TASK OBJECTIVE: Set down each line of the material that follows, exactly, with no pictures.

GIVEN INFORMATION:
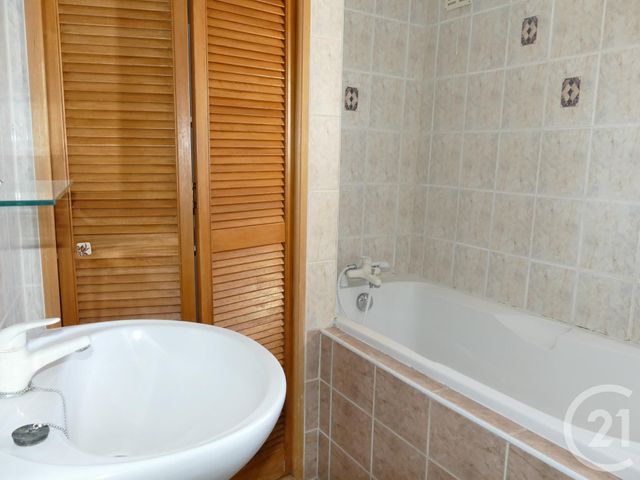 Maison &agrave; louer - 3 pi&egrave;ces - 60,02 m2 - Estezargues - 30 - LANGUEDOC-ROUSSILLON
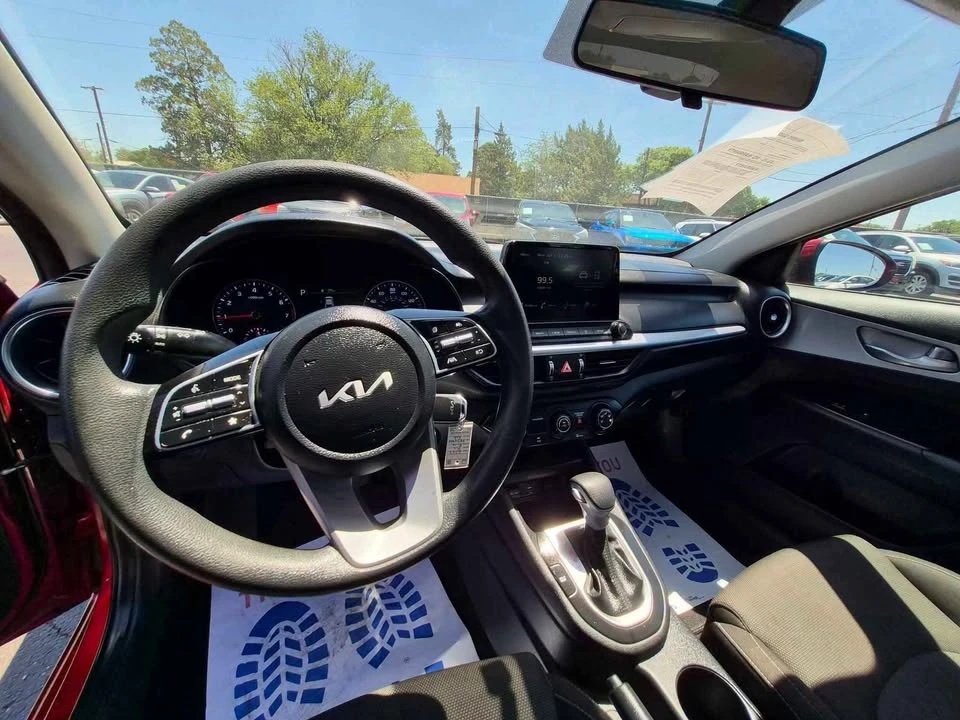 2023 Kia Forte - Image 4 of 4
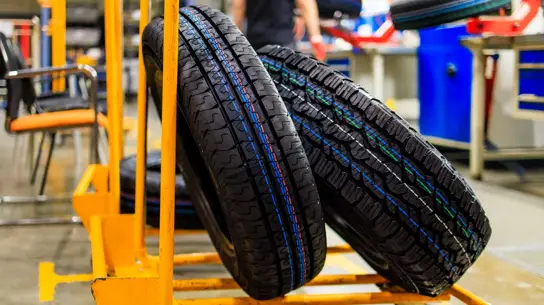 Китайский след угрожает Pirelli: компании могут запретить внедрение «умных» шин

RESULT BELOW:
 Maison &agrave; louer - 3 pi&egrave;ces - 60,02 m2 - Estezargues - 30 - LANGUEDOC-ROUSSILLON
 2023 Kia Forte - Image 4 of 4
 Китайский след угрожает Pirelli: компании могут запретить внедрение «умных» шин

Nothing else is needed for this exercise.